Written by Steve Hudgik
There are several terms and phrases used to describe calibration standards:
In general the terms "NIST Certificate" or "NIST Certification" refer to equipment having been compared with a standard established by NIST and found to match that standard. In one way or another the calibration is traceable back to a NIST standard.
The National Institute of Standards and Technology (NIST) is a non-regulatory federal agency within the U.S. Department of Commerce. Located in Boulder, Colorado, their mission is to promote innovation and industrial competitiveness in the U.S. by conducting research that advances measurement science, standards and technology.

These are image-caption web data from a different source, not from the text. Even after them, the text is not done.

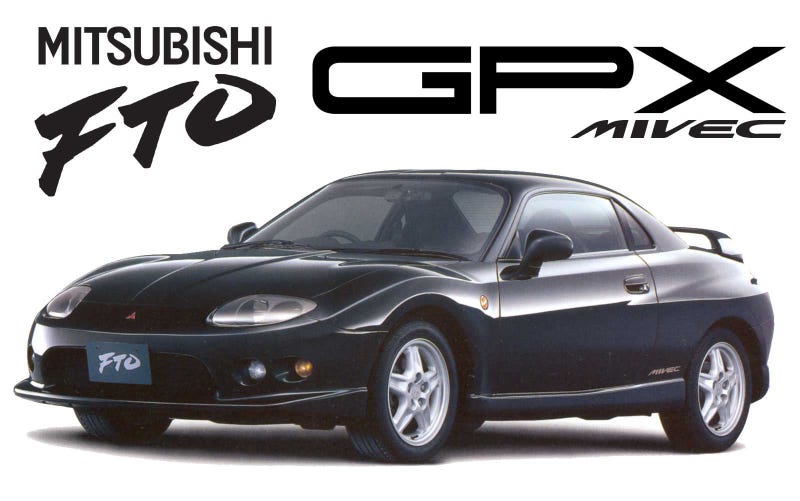 Look How Awesome Mitsubishi's Lineup Was 20 Years Ago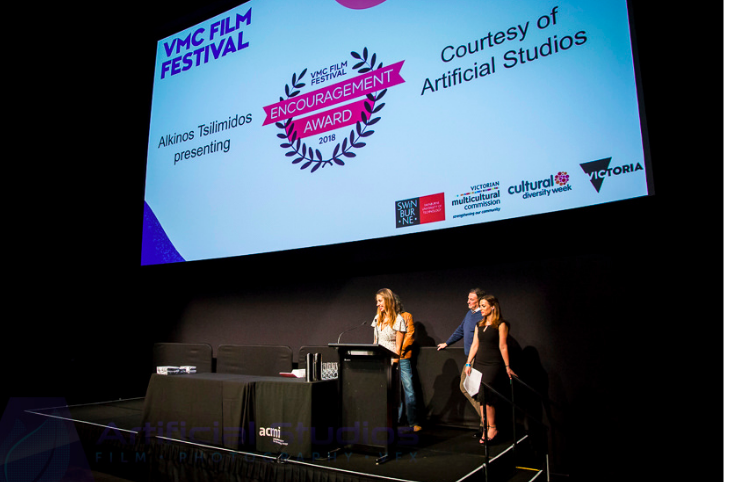 Filmmaker Natalia Chernaya wins Encouragement Award 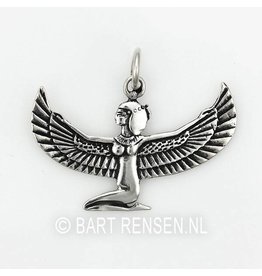 Isis pendant - silver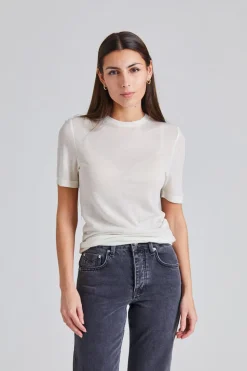 Vidda T-Shirt Cream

NIST includes the Physical Measurement Laboratory (PML), which establishes and disseminates national standards of measurement.

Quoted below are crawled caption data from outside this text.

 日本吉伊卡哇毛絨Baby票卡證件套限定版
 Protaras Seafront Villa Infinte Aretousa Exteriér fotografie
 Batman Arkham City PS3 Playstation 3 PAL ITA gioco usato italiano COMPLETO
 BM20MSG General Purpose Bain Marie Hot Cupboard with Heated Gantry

The PML includes the Office of Weights and Measures. The Office of Weights and Measures promotes uniformity in U.S. weights and measures laws, regulations, and standards to achieve equity between buyers and sellers in the marketplace.
NIST creates and maintains Standard Reference Materials (SRM) which may be purchased. In addition, NIST provides testing services manufacturers and test labs use to ensure their test materials and test equipment (such as previously purchased SRM) is accurate. NIST also provides a third party test lab certification service.
A NIST Certificate of Calibration means that a device has been compared directly with a NIST SRM and that the device has been calibrated to meet the requirements for that product. This type of calibration is most often done by the equipment manufacturer or a test lab. A NIST Certificate of Calibration is issued by the manufacturer, or calibration vendor, once the product or equipment has been tested and calibrated against a NIST SRM
A NIST Certificate of Compliance is issued for devices that cannot be calibrated, but have been tested against a NIST SRM and found to be accurate. A glass tube thermometer is an example of a device that would receive a NIST Certificate of Compliance. Some test equipment, such as sound meters and timers, are designed to be non-adjustable and they are available with a NIST Certificate of Compliance issued by the manufacturer.
A traceable certificate is issued when a product or device has been calibrated against another device that was calibrated to a NIST SRM. While not compared directly with a NIST SRM, the calibration can be traced back to a device that was calibrated to a NIST SRM.
ISO 9000 is the standard on product quality. It requires an annual re-certification of test equipment. When the term "ISO 9000 certification" is used in the context of calibration, that means certification to a national standard such as NIST is needed. In the U.S. this means, at a minimum, that a NIST Traceable Certificate is needed annually.
Calibration is of no value unless the calibration is done to a known standard. NIST is the organization in the U.S. that provides those standards. The various types of calibration certificates, such as the NIST Certificate of Calibration, provide assurance that a product or device has been calibrated accurately.